• **Instructions to follow**:
In the records below, which lines include "Grey"? Copy them.

(Data records)

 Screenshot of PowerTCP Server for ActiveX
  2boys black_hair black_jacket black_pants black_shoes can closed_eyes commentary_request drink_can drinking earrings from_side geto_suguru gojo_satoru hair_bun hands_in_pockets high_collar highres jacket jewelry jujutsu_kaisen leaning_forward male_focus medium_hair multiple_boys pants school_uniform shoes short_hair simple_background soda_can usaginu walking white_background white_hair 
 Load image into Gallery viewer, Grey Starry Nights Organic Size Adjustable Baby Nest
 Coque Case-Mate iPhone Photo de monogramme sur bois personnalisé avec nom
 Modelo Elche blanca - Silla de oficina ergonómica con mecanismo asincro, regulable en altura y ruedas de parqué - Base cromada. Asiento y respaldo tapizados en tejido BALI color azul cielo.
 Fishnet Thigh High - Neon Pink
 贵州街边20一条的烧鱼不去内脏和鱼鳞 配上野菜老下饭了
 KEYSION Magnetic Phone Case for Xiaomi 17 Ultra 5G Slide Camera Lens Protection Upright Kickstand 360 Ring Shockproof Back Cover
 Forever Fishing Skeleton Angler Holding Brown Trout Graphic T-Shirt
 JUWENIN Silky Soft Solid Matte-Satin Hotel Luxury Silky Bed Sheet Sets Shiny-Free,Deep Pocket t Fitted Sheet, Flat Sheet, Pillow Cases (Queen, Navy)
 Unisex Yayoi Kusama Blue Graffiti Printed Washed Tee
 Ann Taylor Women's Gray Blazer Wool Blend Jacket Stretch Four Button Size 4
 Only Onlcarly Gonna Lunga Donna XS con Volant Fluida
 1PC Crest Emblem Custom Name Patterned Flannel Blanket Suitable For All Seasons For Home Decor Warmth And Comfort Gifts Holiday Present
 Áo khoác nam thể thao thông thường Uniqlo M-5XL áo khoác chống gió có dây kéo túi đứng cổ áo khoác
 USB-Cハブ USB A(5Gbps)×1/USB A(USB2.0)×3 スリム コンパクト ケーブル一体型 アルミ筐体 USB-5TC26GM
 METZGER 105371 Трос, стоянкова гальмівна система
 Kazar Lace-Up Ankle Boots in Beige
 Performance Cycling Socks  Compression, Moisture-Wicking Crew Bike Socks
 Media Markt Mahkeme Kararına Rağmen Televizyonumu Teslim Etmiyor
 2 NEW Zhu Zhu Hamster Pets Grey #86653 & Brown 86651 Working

• **Answer box**:
 Load image into Gallery viewer, Grey Starry Nights Organic Size Adjustable Baby Nest
 2 NEW Zhu Zhu Hamster Pets Grey #86653 & Brown 86651 Working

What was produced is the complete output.